- What needs to be done -
Write out every record below exactly as it stands, leaving the pictures out.
────────────────
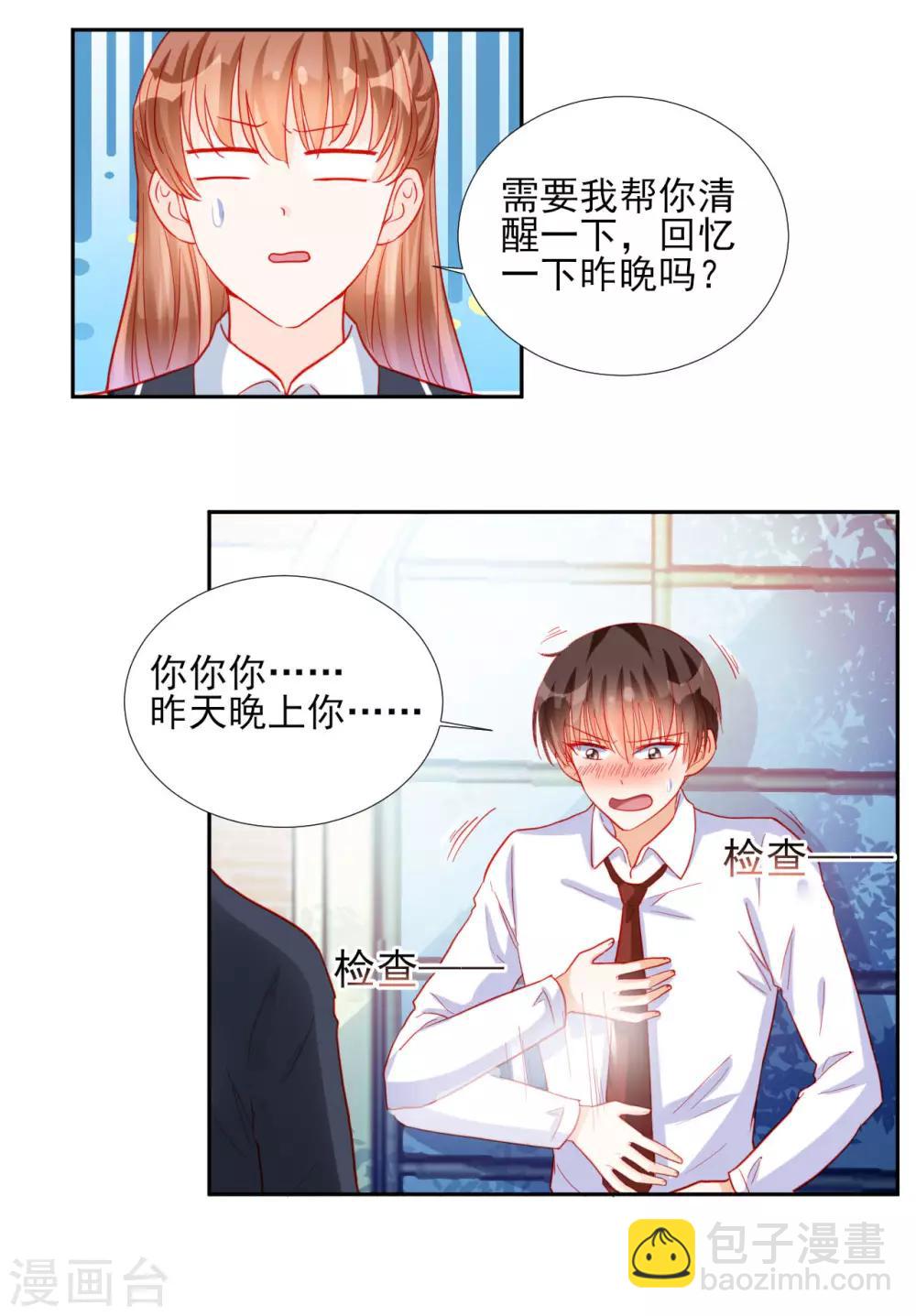第94话-第94话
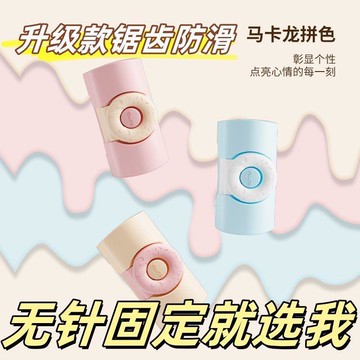 ✨蝦皮優選熱賣🌸甜甜圈牀單被子固定器防跑防滑夾子無針安全牀單不跑固定神器卡扣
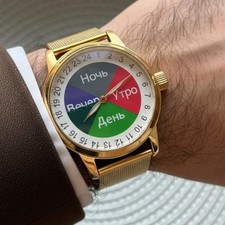 Orologio Vintage Raketa 24h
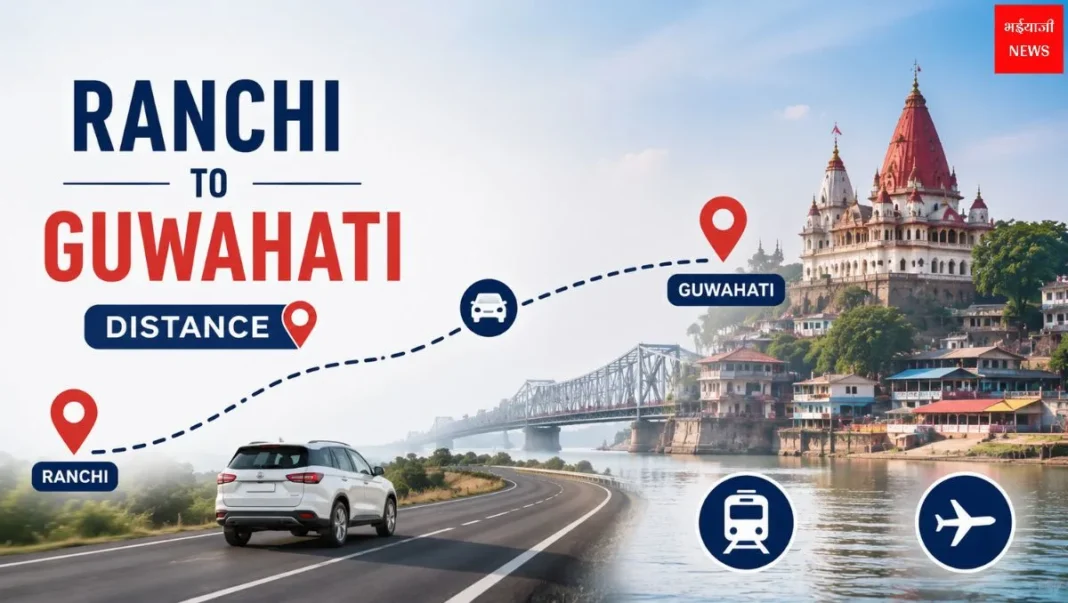 Ranchi to Guwahati Distance| Jharkhand News | Bhaiyajii News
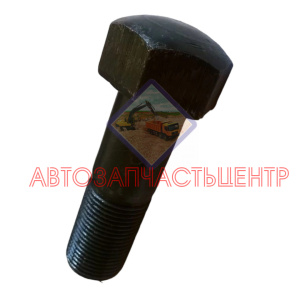 Болт башмачный M18, 4350565 / 4297905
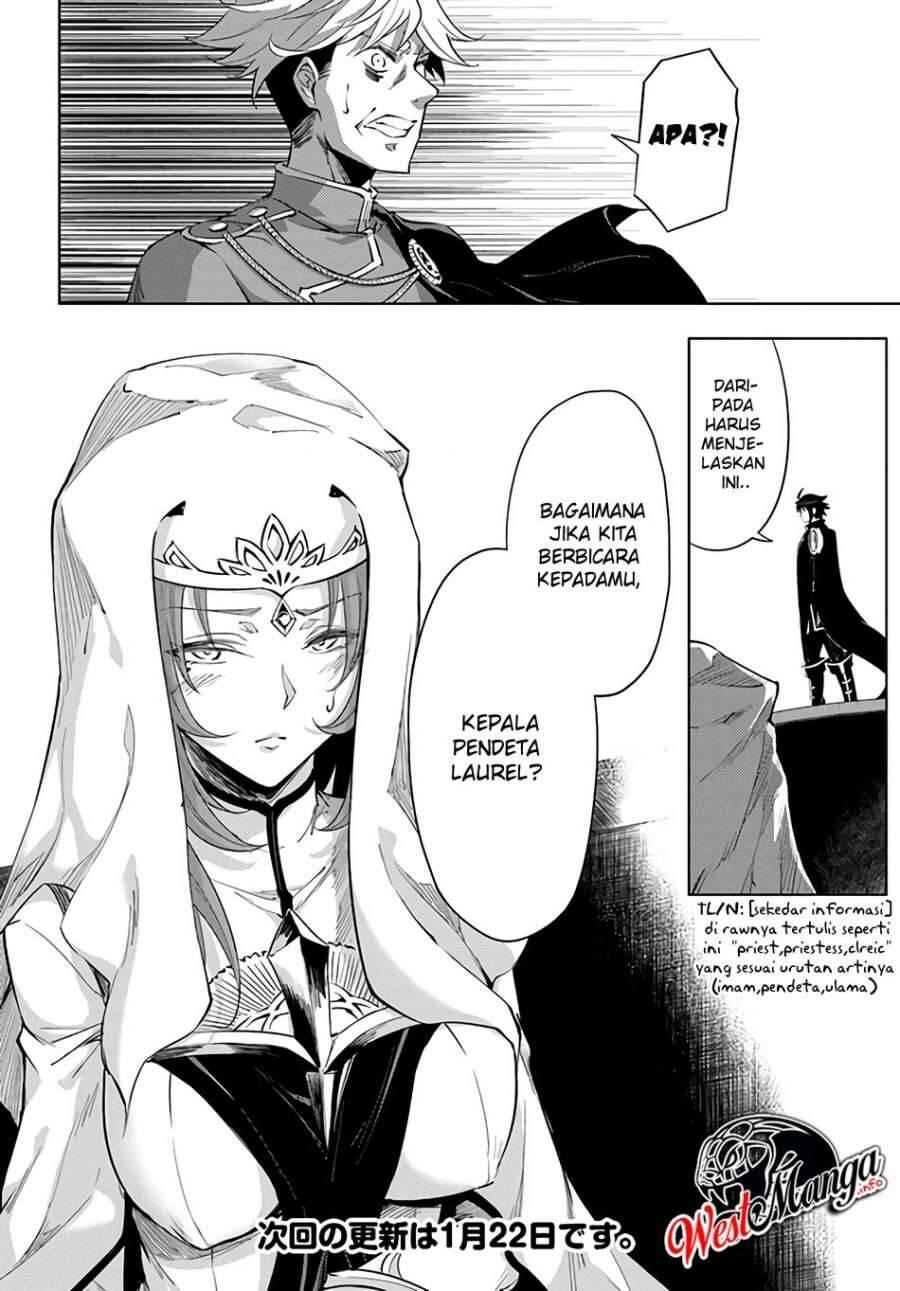 Tou no Kanri wo Shitemiyou Chapter 034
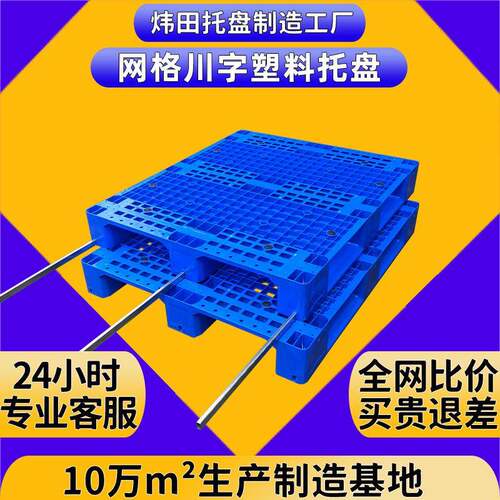 川字塑料托盘网格物流货架叉车卡板加钢管智仓RFID栈板加厚承重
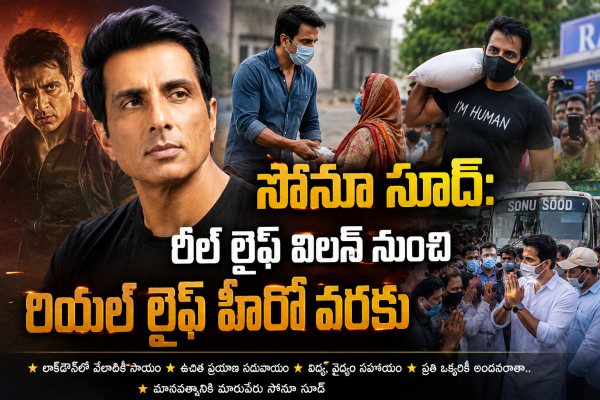సోనూసూద్: రీల్ లైఫ్ విలన్ నుంచి రియల్ లైఫ్ హీరో వరకు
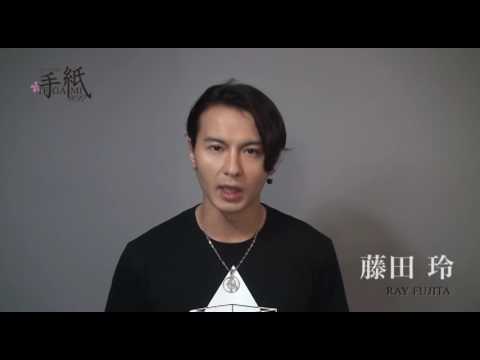 2017年版ミュージカル『手紙』　藤田玲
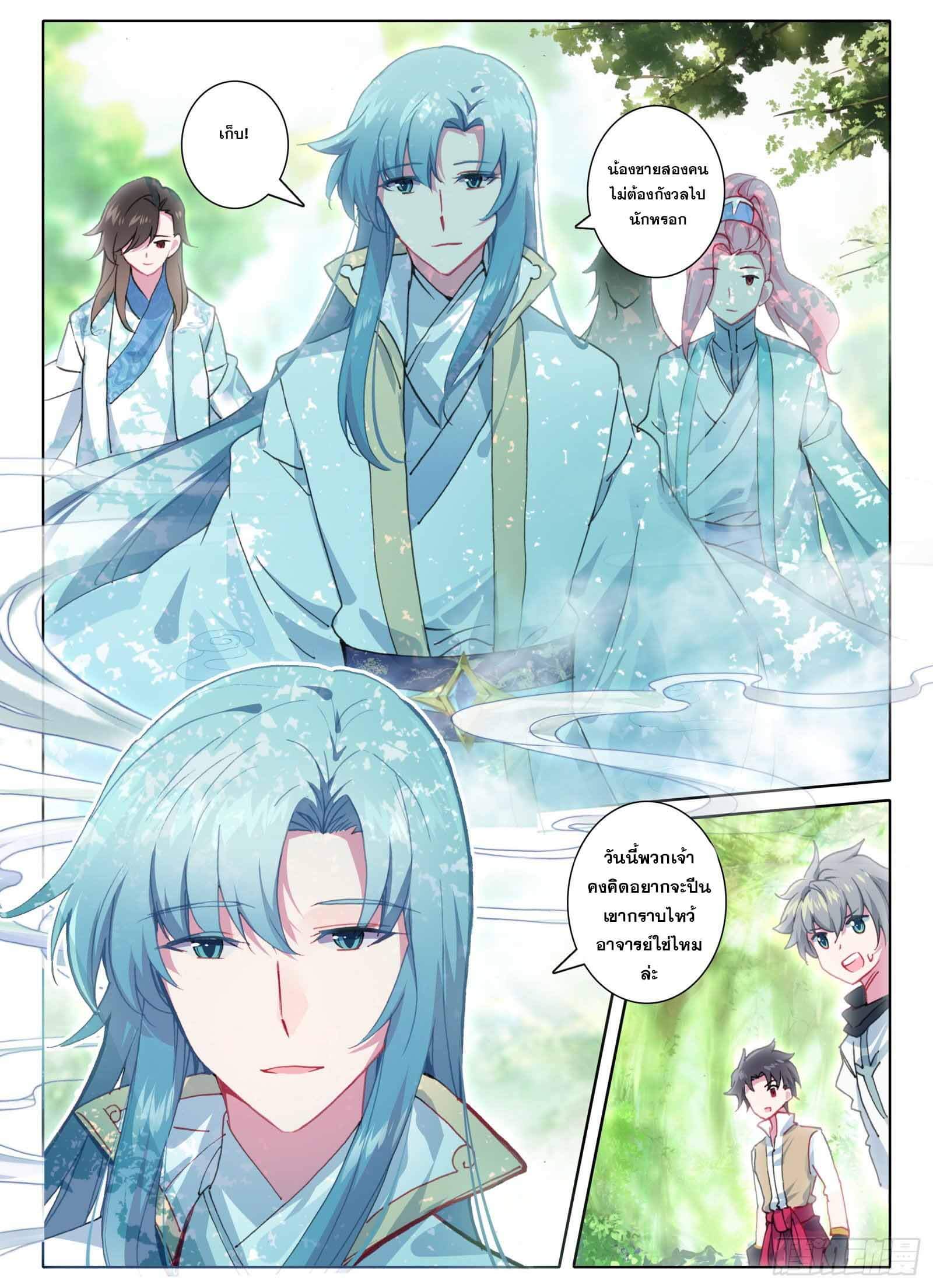 มีแต่ข้าที่เป็นเซียน (ทันจีน) ตอนที่ 3 หน้า 3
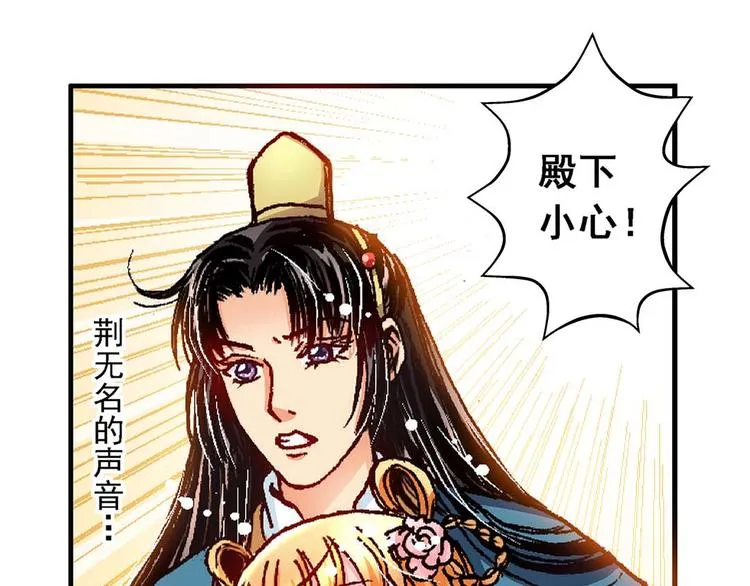 Act 5.你相信我吗？(1) 第53页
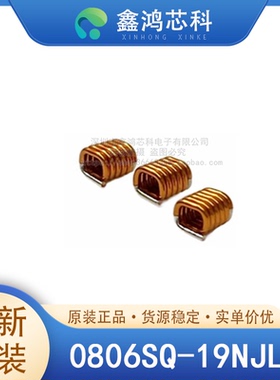 原装正品 0806SQ-19NJLC SMD 射频空心电感 19nH 5% 4.0GHZ 2.9A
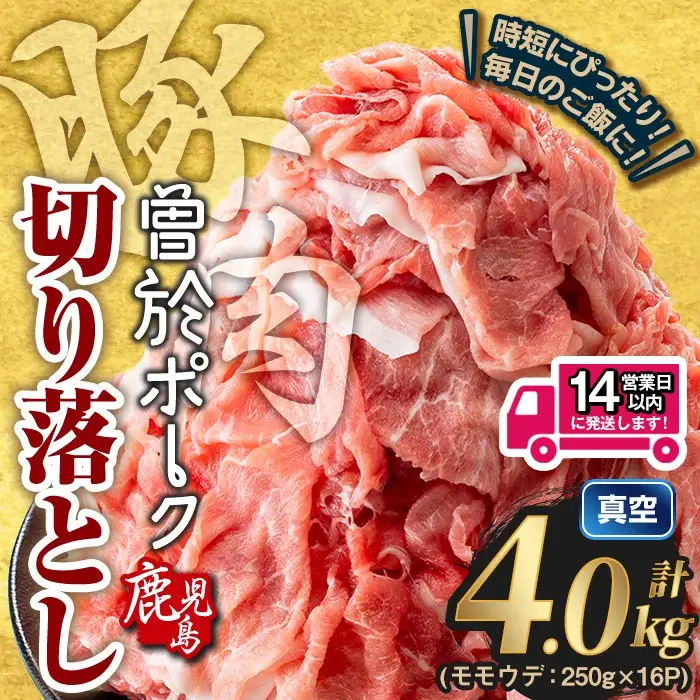 鹿児島 曽於市産 曽於ポーク 切り落とし (計4.0kg)【Rana】A812-v01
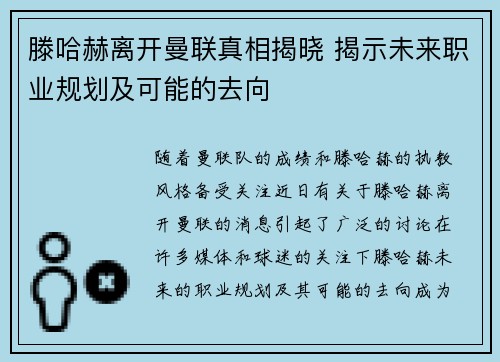 滕哈赫离开曼联真相揭晓 揭示未来职业规划及可能的去向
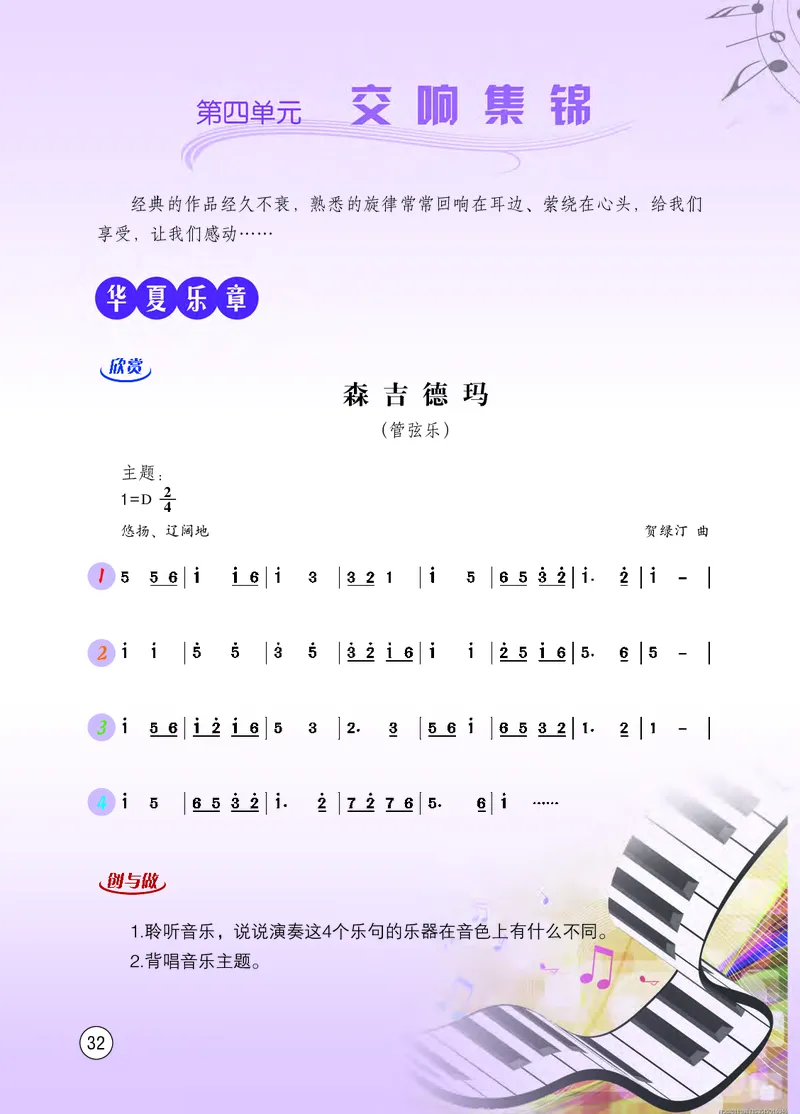 西南师大8年级音乐下册高清教材_4-教培资料-26年最新资料-同步更新_初中高中教资_03科三专项（进去保存报考的学科即可）_02科三专项（笔记真题思维导图教学设计版本二）
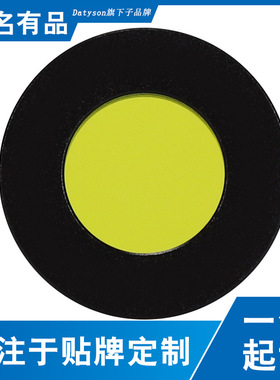 Datyson望远镜配件黑狗系列2代0.965英寸黄色星云滤光镜5P0068K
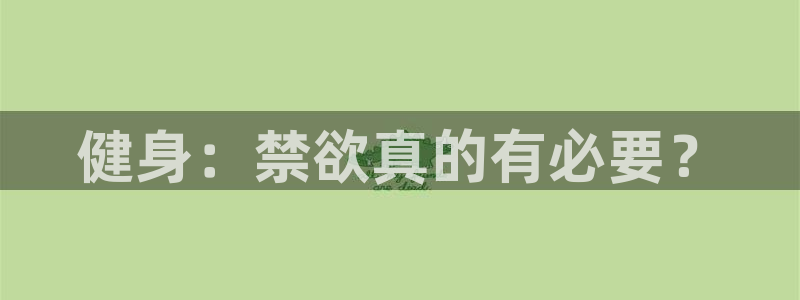 国际龙8官网pt客户端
────────────────
- Task result -
第94话-第94话
 ✨蝦皮優選熱賣🌸甜甜圈牀單被子固定器防跑防滑夾子無針安全牀單不跑固定神器卡扣
 Orologio Vintage Raketa 24h
 Ranchi to Guwahati Distance| Jharkhand News | Bhaiyajii News
 Болт башмачный M18, 4350565 / 4297905
 Tou no Kanri wo Shitemiyou Chapter 034
 川字塑料托盘网格物流货架叉车卡板加钢管智仓RFID栈板加厚承重
సోనూసూద్: రీల్ లైఫ్ విలన్ నుంచి రియల్ లైఫ్ హీరో వరకు
 2017年版ミュージカル『手紙』　藤田玲
 มีแต่ข้าที่เป็นเซียน (ทันจีน) ตอนที่ 3 หน้า 3
 Act 5.你相信我吗？(1) 第53页
 原装正品 0806SQ-19NJLC SMD 射频空心电感 19nH 5% 4.0GHZ 2.9A
 鹿児島 曽於市産 曽於ポーク 切り落とし (計4.0kg)【Rana】A812-v01
 滕哈赫离开曼联真相揭晓 揭示未来职业规划及可能的去向
 西南师大8年级音乐下册高清教材_4-教培资料-26年最新资料-同步更新_初中高中教资_03科三专项（进去保存报考的学科即可）_02科三专项（笔记真题思维导图教学设计版本二）
 Datyson望远镜配件黑狗系列2代0.965英寸黄色星云滤光镜5P0068K
 国际龙8官网pt客户端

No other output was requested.